What to produce:
A word-for-word restatement of the data is what is needed.

↓↓↓

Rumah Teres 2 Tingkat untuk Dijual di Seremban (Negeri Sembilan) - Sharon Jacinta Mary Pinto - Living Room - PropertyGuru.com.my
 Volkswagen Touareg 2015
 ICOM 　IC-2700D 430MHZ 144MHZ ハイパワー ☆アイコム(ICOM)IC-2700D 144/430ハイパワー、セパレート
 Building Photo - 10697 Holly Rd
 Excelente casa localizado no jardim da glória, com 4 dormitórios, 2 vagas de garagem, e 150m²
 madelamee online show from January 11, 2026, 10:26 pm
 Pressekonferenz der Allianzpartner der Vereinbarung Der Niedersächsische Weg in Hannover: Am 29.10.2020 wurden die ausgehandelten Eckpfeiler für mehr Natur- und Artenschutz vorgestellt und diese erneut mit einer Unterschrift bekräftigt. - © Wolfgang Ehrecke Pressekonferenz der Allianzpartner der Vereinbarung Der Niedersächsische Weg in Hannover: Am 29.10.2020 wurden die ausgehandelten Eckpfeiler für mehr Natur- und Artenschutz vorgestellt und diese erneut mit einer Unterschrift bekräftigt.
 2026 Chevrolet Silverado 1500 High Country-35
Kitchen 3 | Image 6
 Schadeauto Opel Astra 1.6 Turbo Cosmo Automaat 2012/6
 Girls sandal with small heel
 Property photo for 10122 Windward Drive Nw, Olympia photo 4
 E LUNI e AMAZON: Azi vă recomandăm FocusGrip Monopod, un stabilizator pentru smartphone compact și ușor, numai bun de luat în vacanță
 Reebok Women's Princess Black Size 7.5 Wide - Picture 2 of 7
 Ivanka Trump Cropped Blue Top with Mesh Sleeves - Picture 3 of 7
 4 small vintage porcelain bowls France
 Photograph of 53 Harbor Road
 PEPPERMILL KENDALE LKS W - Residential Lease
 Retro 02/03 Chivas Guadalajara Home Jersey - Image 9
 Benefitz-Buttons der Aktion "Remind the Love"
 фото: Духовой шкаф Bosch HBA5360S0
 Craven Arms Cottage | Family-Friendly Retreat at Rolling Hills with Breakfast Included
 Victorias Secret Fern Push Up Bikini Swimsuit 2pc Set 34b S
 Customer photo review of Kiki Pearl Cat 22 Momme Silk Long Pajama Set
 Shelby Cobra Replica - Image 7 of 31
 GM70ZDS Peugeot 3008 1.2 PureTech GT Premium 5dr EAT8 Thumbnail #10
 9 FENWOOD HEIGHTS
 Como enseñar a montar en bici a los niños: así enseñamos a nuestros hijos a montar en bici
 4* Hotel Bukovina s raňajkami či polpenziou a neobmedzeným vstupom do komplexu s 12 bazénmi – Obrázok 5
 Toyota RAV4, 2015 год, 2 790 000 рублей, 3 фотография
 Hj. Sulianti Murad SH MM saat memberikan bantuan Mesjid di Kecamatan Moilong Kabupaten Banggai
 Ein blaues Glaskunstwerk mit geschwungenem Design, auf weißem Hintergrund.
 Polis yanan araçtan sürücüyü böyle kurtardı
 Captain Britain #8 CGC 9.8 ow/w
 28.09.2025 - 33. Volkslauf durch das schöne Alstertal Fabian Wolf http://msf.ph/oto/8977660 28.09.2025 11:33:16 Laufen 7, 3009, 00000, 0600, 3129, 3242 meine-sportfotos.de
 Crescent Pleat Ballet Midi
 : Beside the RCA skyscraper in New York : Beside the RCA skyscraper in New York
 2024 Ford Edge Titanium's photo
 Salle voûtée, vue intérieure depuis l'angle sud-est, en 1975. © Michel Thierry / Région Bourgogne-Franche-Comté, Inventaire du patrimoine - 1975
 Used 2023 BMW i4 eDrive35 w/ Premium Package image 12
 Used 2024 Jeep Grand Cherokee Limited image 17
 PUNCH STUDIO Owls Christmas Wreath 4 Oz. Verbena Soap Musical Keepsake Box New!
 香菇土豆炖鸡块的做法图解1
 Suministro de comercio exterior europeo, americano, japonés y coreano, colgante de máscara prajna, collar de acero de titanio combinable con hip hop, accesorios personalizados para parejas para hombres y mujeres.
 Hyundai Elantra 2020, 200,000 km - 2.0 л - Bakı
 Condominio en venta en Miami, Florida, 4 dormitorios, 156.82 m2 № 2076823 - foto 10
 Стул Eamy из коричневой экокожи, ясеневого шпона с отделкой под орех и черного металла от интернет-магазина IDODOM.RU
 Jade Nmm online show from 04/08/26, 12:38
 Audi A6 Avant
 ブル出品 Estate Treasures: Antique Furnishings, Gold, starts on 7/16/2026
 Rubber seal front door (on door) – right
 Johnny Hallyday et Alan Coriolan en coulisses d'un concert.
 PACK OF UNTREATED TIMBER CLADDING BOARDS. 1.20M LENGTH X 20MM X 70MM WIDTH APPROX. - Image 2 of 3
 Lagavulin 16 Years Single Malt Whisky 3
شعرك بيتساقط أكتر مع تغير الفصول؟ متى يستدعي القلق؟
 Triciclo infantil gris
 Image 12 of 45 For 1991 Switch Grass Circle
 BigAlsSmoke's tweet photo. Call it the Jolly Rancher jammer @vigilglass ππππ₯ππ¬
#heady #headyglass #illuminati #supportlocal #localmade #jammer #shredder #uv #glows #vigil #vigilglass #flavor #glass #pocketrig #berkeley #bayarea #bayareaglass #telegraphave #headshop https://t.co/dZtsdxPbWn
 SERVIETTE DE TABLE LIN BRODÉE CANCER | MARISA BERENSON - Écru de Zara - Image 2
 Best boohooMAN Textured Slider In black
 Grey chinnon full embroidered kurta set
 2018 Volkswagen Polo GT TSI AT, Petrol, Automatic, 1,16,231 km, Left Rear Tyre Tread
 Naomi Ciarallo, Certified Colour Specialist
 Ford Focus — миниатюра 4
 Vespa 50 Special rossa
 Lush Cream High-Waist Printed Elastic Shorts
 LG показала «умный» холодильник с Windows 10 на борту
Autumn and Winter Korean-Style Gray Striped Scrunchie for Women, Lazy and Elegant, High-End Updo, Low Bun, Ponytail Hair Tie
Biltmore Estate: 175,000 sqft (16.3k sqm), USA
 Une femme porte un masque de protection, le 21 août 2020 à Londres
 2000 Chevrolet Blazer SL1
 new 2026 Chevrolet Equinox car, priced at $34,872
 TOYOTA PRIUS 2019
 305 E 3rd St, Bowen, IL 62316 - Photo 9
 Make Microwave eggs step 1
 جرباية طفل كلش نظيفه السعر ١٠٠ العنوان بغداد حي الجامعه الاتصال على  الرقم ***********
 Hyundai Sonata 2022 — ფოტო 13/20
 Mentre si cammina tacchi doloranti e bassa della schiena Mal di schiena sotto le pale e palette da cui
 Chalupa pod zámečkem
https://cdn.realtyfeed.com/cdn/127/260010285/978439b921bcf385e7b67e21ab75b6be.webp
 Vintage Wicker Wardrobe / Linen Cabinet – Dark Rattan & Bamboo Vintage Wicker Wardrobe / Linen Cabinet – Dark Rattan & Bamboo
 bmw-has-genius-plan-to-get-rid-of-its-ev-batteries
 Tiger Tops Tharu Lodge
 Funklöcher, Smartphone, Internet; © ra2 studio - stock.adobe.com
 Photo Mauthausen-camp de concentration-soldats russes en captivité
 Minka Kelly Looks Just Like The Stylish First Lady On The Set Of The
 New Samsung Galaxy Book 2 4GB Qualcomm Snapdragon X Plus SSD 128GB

↑↑↑

Output of the task:
Rumah Teres 2 Tingkat untuk Dijual di Seremban (Negeri Sembilan) - Sharon Jacinta Mary Pinto - Living Room - PropertyGuru.com.my
 Volkswagen Touareg 2015
 ICOM 　IC-2700D 430MHZ 144MHZ ハイパワー ☆アイコム(ICOM)IC-2700D 144/430ハイパワー、セパレート
 Building Photo - 10697 Holly Rd
 Excelente casa localizado no jardim da glória, com 4 dormitórios, 2 vagas de garagem, e 150m²
 madelamee online show from January 11, 2026, 10:26 pm
 Pressekonferenz der Allianzpartner der Vereinbarung Der Niedersächsische Weg in Hannover: Am 29.10.2020 wurden die ausgehandelten Eckpfeiler für mehr Natur- und Artenschutz vorgestellt und diese erneut mit einer Unterschrift bekräftigt. - © Wolfgang Ehrecke Pressekonferenz der Allianzpartner der Vereinbarung Der Niedersächsische Weg in Hannover: Am 29.10.2020 wurden die ausgehandelten Eckpfeiler für mehr Natur- und Artenschutz vorgestellt und diese erneut mit einer Unterschrift bekräftigt.
 2026 Chevrolet Silverado 1500 High Country-35
Kitchen 3 | Image 6
 Schadeauto Opel Astra 1.6 Turbo Cosmo Automaat 2012/6
 Girls sandal with small heel
 Property photo for 10122 Windward Drive Nw, Olympia photo 4
 E LUNI e AMAZON: Azi vă recomandăm FocusGrip Monopod, un stabilizator pentru smartphone compact și ușor, numai bun de luat în vacanță
 Reebok Women's Princess Black Size 7.5 Wide - Picture 2 of 7
 Ivanka Trump Cropped Blue Top with Mesh Sleeves - Picture 3 of 7
 4 small vintage porcelain bowls France
 Photograph of 53 Harbor Road
 PEPPERMILL KENDALE LKS W - Residential Lease
 Retro 02/03 Chivas Guadalajara Home Jersey - Image 9
 Benefitz-Buttons der Aktion "Remind the Love"
 фото: Духовой шкаф Bosch HBA5360S0
 Craven Arms Cottage | Family-Friendly Retreat at Rolling Hills with Breakfast Included
 Victorias Secret Fern Push Up Bikini Swimsuit 2pc Set 34b S
 Customer photo review of Kiki Pearl Cat 22 Momme Silk Long Pajama Set
 Shelby Cobra Replica - Image 7 of 31
 GM70ZDS Peugeot 3008 1.2 PureTech GT Premium 5dr EAT8 Thumbnail #10
 9 FENWOOD HEIGHTS
 Como enseñar a montar en bici a los niños: así enseñamos a nuestros hijos a montar en bici
 4* Hotel Bukovina s raňajkami či polpenziou a neobmedzeným vstupom do komplexu s 12 bazénmi – Obrázok 5
 Toyota RAV4, 2015 год, 2 790 000 рублей, 3 фотография
 Hj. Sulianti Murad SH MM saat memberikan bantuan Mesjid di Kecamatan Moilong Kabupaten Banggai
 Ein blaues Glaskunstwerk mit geschwungenem Design, auf weißem Hintergrund.
 Polis yanan araçtan sürücüyü böyle kurtardı
 Captain Britain #8 CGC 9.8 ow/w
 28.09.2025 - 33. Volkslauf durch das schöne Alstertal Fabian Wolf http://msf.ph/oto/8977660 28.09.2025 11:33:16 Laufen 7, 3009, 00000, 0600, 3129, 3242 meine-sportfotos.de
 Crescent Pleat Ballet Midi
 : Beside the RCA skyscraper in New York : Beside the RCA skyscraper in New York
 2024 Ford Edge Titanium's photo
 Salle voûtée, vue intérieure depuis l'angle sud-est, en 1975. © Michel Thierry / Région Bourgogne-Franche-Comté, Inventaire du patrimoine - 1975
 Used 2023 BMW i4 eDrive35 w/ Premium Package image 12
 Used 2024 Jeep Grand Cherokee Limited image 17
 PUNCH STUDIO Owls Christmas Wreath 4 Oz. Verbena Soap Musical Keepsake Box New!
 香菇土豆炖鸡块的做法图解1
 Suministro de comercio exterior europeo, americano, japonés y coreano, colgante de máscara prajna, collar de acero de titanio combinable con hip hop, accesorios personalizados para parejas para hombres y mujeres.
 Hyundai Elantra 2020, 200,000 km - 2.0 л - Bakı
 Condominio en venta en Miami, Florida, 4 dormitorios, 156.82 m2 № 2076823 - foto 10
 Стул Eamy из коричневой экокожи, ясеневого шпона с отделкой под орех и черного металла от интернет-магазина IDODOM.RU
 Jade Nmm online show from 04/08/26, 12:38
 Audi A6 Avant
 ブル出品 Estate Treasures: Antique Furnishings, Gold, starts on 7/16/2026
 Rubber seal front door (on door) – right
 Johnny Hallyday et Alan Coriolan en coulisses d'un concert.
 PACK OF UNTREATED TIMBER CLADDING BOARDS. 1.20M LENGTH X 20MM X 70MM WIDTH APPROX. - Image 2 of 3
 Lagavulin 16 Years Single Malt Whisky 3
شعرك بيتساقط أكتر مع تغير الفصول؟ متى يستدعي القلق؟
 Triciclo infantil gris
 Image 12 of 45 For 1991 Switch Grass Circle
 BigAlsSmoke's tweet photo. Call it the Jolly Rancher jammer @vigilglass ππππ₯ππ¬
#heady #headyglass #illuminati #supportlocal #localmade #jammer #shredder #uv #glows #vigil #vigilglass #flavor #glass #pocketrig #berkeley #bayarea #bayareaglass #telegraphave #headshop https://t.co/dZtsdxPbWn
 SERVIETTE DE TABLE LIN BRODÉE CANCER | MARISA BERENSON - Écru de Zara - Image 2
 Best boohooMAN Textured Slider In black
 Grey chinnon full embroidered kurta set
 2018 Volkswagen Polo GT TSI AT, Petrol, Automatic, 1,16,231 km, Left Rear Tyre Tread
 Naomi Ciarallo, Certified Colour Specialist
 Ford Focus — миниатюра 4
 Vespa 50 Special rossa
 Lush Cream High-Waist Printed Elastic Shorts
 LG показала «умный» холодильник с Windows 10 на борту
Autumn and Winter Korean-Style Gray Striped Scrunchie for Women, Lazy and Elegant, High-End Updo, Low Bun, Ponytail Hair Tie
Biltmore Estate: 175,000 sqft (16.3k sqm), USA
 Une femme porte un masque de protection, le 21 août 2020 à Londres
 2000 Chevrolet Blazer SL1
 new 2026 Chevrolet Equinox car, priced at $34,872
 TOYOTA PRIUS 2019
 305 E 3rd St, Bowen, IL 62316 - Photo 9
 Make Microwave eggs step 1
 جرباية طفل كلش نظيفه السعر ١٠٠ العنوان بغداد حي الجامعه الاتصال على  الرقم ***********
 Hyundai Sonata 2022 — ფოტო 13/20
 Mentre si cammina tacchi doloranti e bassa della schiena Mal di schiena sotto le pale e palette da cui
 Chalupa pod zámečkem
https://cdn.realtyfeed.com/cdn/127/260010285/978439b921bcf385e7b67e21ab75b6be.webp
 Vintage Wicker Wardrobe / Linen Cabinet – Dark Rattan & Bamboo Vintage Wicker Wardrobe / Linen Cabinet – Dark Rattan & Bamboo
 bmw-has-genius-plan-to-get-rid-of-its-ev-batteries
 Tiger Tops Tharu Lodge
 Funklöcher, Smartphone, Internet; © ra2 studio - stock.adobe.com
 Photo Mauthausen-camp de concentration-soldats russes en captivité
 Minka Kelly Looks Just Like The Stylish First Lady On The Set Of The
 New Samsung Galaxy Book 2 4GB Qualcomm Snapdragon X Plus SSD 128GB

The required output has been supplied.